> Work required
The required answer is the data below, restated word for word with images omitted.

> Input for this task
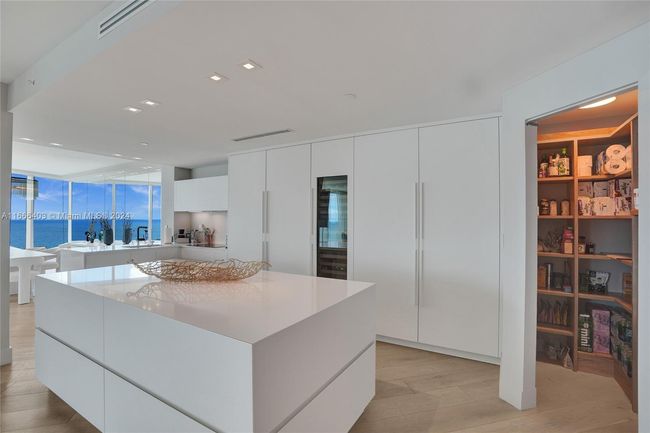 UNIT-2102 - 2711 S Ocean Dr, Condo with 3 bedrooms, 4 bathrooms and null parking in Hollywood FL | Image 14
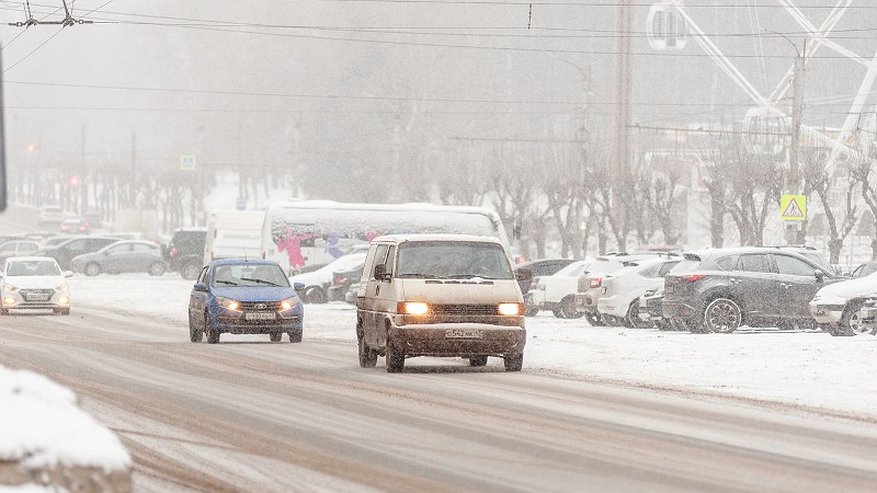 Кировскую область накрыли метели: что рекомендуют водителям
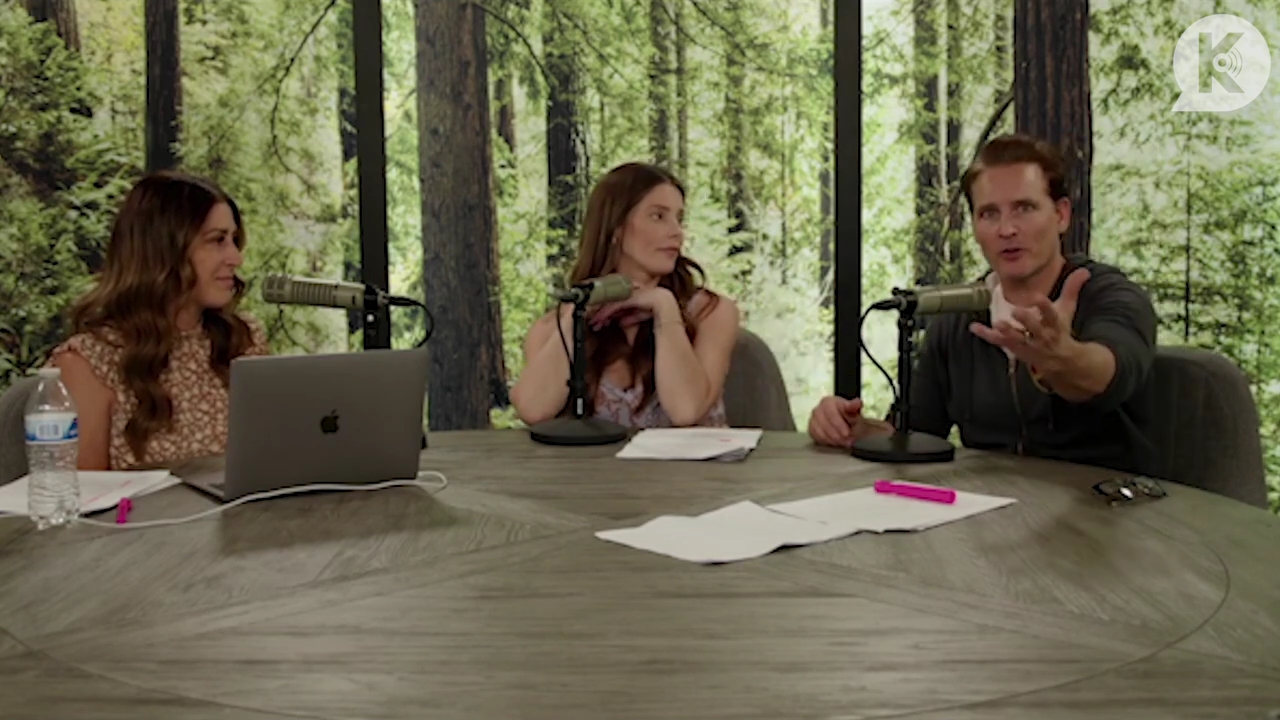 Ashley-Greene-dot-nl_TheTwilightEffect-PeterFacinelliLivestreamQA1950.jpg Ashley-Greene-dot-nl_TheTwilightEffect-PeterFacinelliLivestreamQA1950.jpg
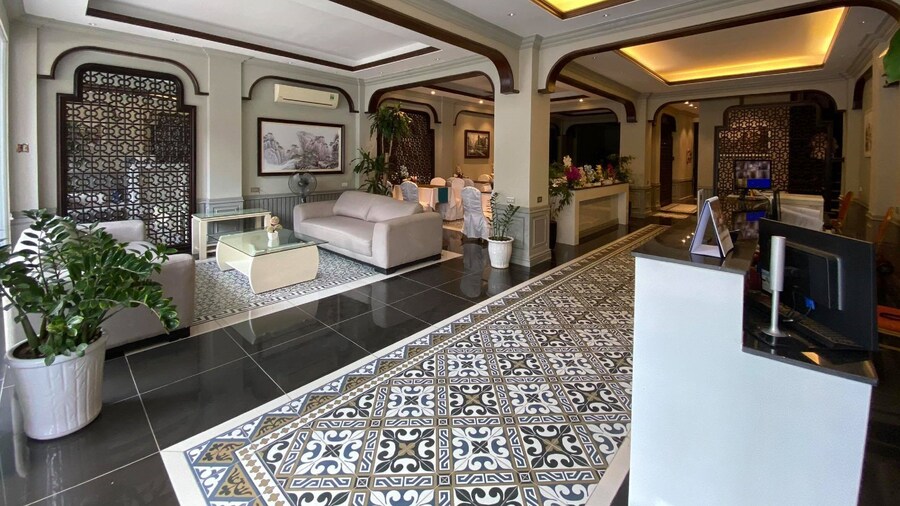 波妮·纽伊特酒店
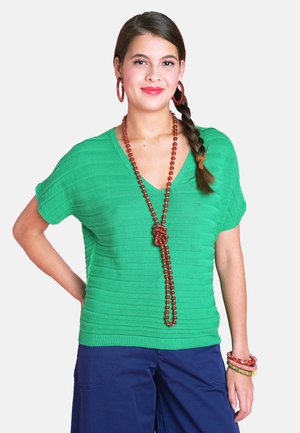 TRAVAILLÉ VICTORIA - Basic T-shirt - vert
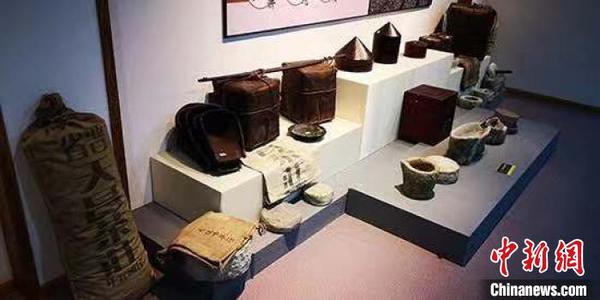 图为中国青砖茶博物馆部分展品 吕蓉 摄 图为中国青砖茶博物馆部分展品 吕蓉 摄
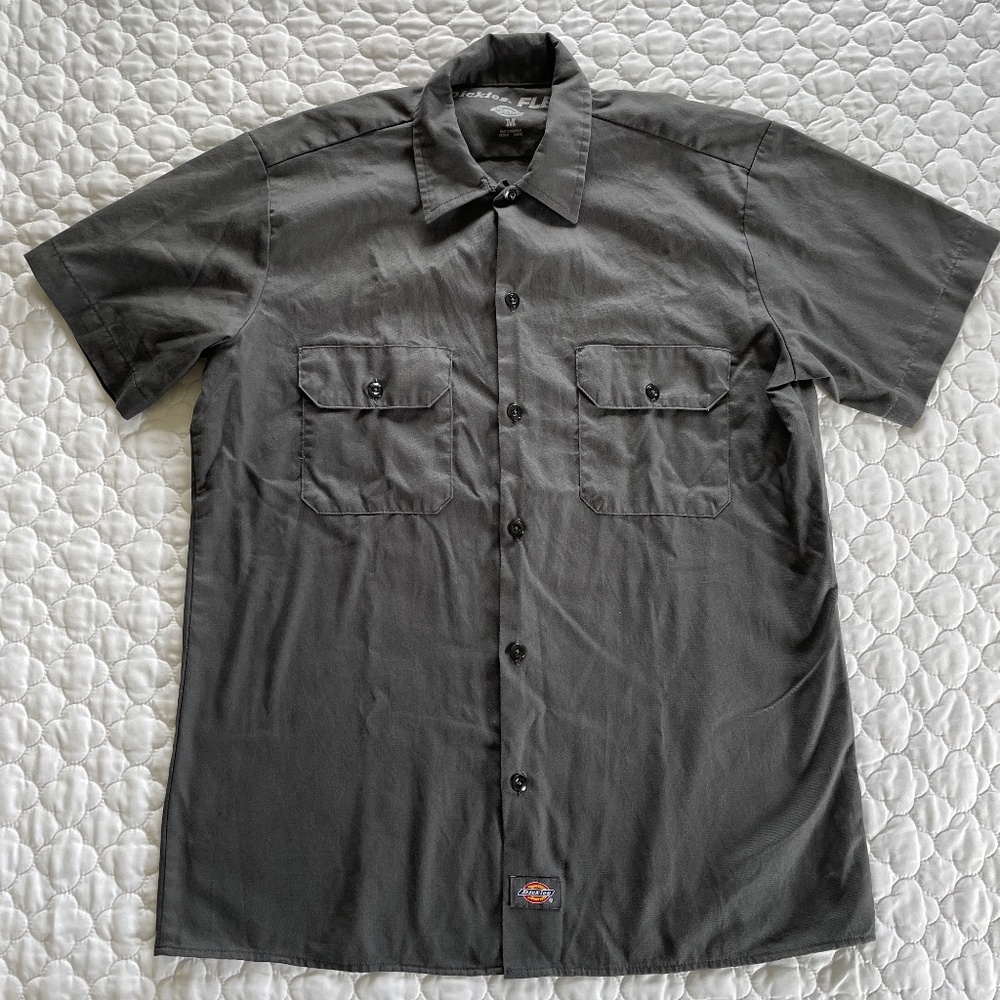 Dickies Short Sleeve Button Down Moto Print Men's Medium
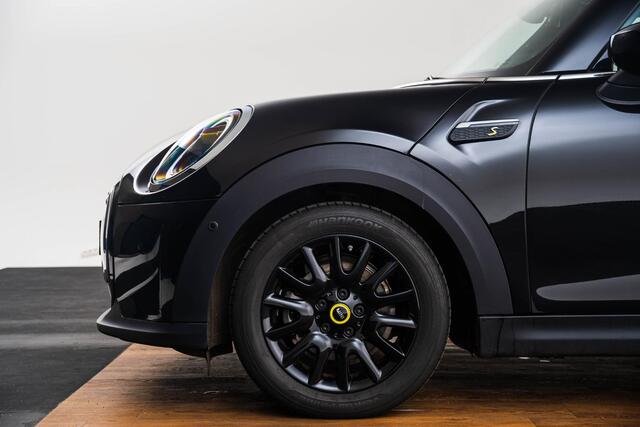 Mini Electric Mini MINI Yours 33 kWh Classic - Panoramadak - Warmtepomp - Elektrisch verwarmbare voorstoelen - Regensensor - Park Assistant - Achteruitrijcamera - Middenarmsteun voor - Navigatiesysteem -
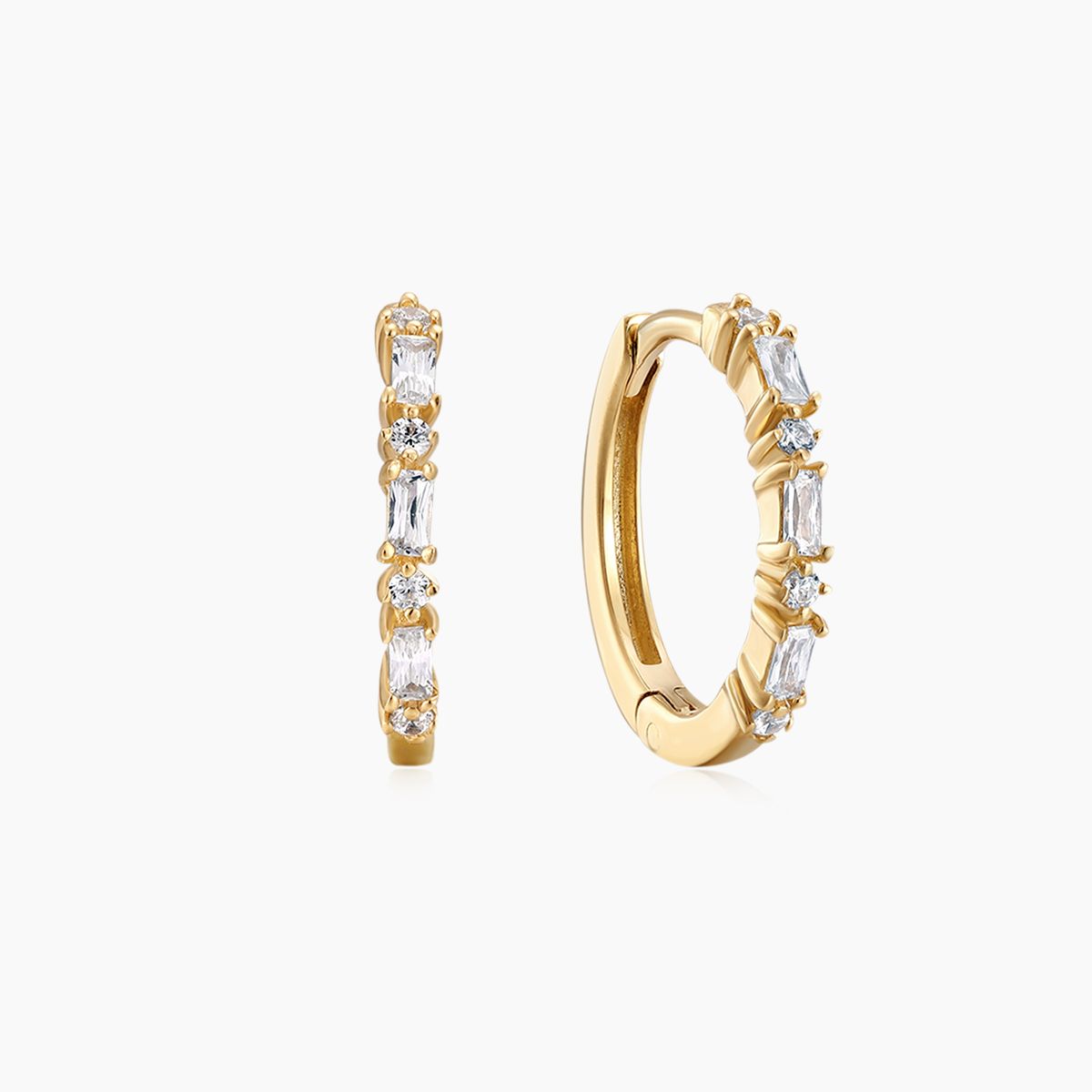 14 Karat Gelbgold, 9 mm Baguette- und Rundstein-Clicker-Creolen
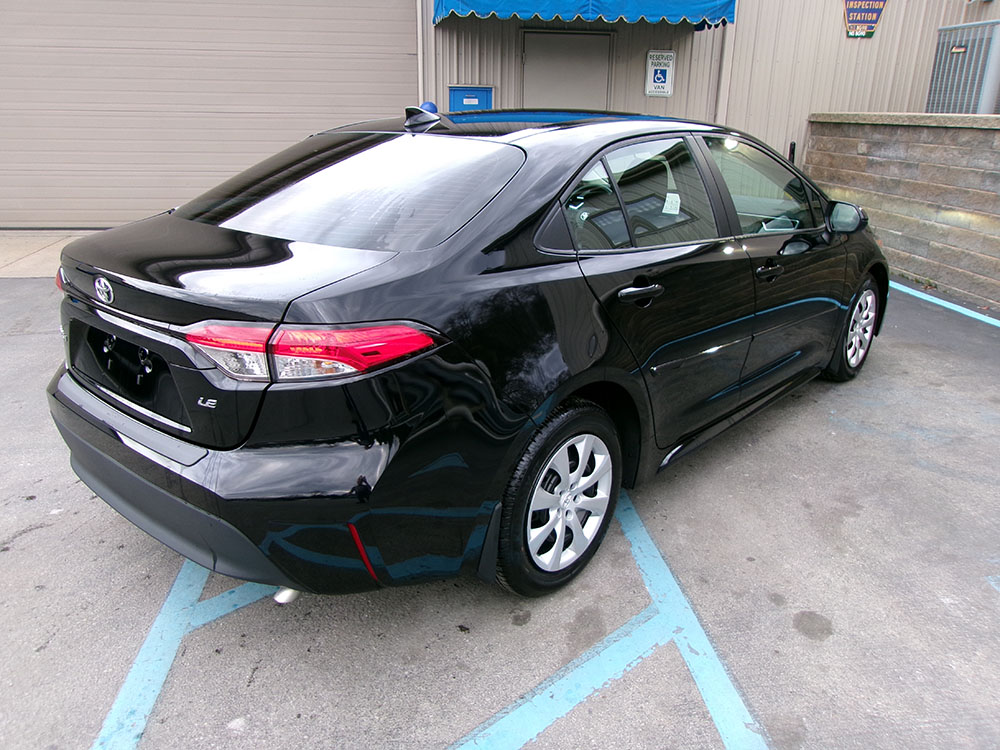 
								TOYOTA COROLLA LE full									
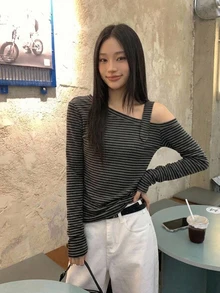 Dazy Kids Áo thun streetwear tay dài lệch vai phối màu colorblock kẻ sọc cho bé gái tuổi teen - Xám - Xem 3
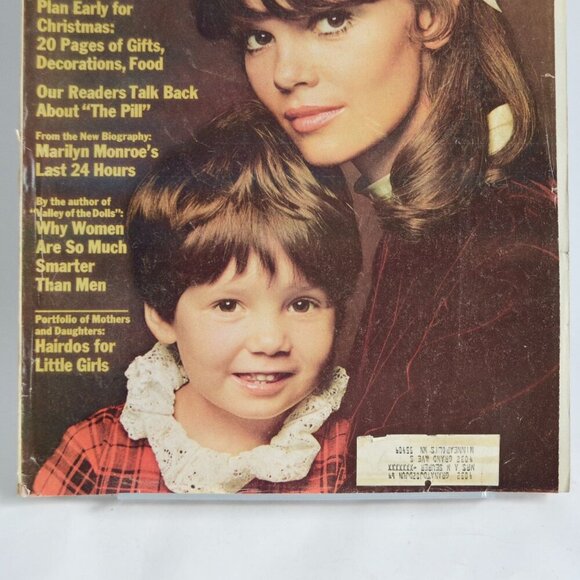 Ladie's Home Journal November 1967 Vintage Magazine - Picture 3 of 4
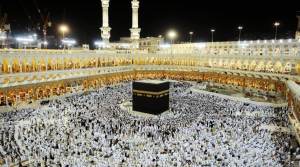 Kepadatan jamaah di Masjidil Haram yang mengharuskan penerapan tips menjaga wudu saat tawaf.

> Result
 UNIT-2102 - 2711 S Ocean Dr, Condo with 3 bedrooms, 4 bathrooms and null parking in Hollywood FL | Image 14
 Кировскую область накрыли метели: что рекомендуют водителям
 Ashley-Greene-dot-nl_TheTwilightEffect-PeterFacinelliLivestreamQA1950.jpg Ashley-Greene-dot-nl_TheTwilightEffect-PeterFacinelliLivestreamQA1950.jpg
 波妮·纽伊特酒店
 TRAVAILLÉ VICTORIA - Basic T-shirt - vert
 图为中国青砖茶博物馆部分展品 吕蓉 摄 图为中国青砖茶博物馆部分展品 吕蓉 摄
 Dickies Short Sleeve Button Down Moto Print Men's Medium
 Mini Electric Mini MINI Yours 33 kWh Classic - Panoramadak - Warmtepomp - Elektrisch verwarmbare voorstoelen - Regensensor - Park Assistant - Achteruitrijcamera - Middenarmsteun voor - Navigatiesysteem -
 14 Karat Gelbgold, 9 mm Baguette- und Rundstein-Clicker-Creolen
								TOYOTA COROLLA LE full									
 Dazy Kids Áo thun streetwear tay dài lệch vai phối màu colorblock kẻ sọc cho bé gái tuổi teen - Xám - Xem 3
 Ladie's Home Journal November 1967 Vintage Magazine - Picture 3 of 4
 Kepadatan jamaah di Masjidil Haram yang mengharuskan penerapan tips menjaga wudu saat tawaf.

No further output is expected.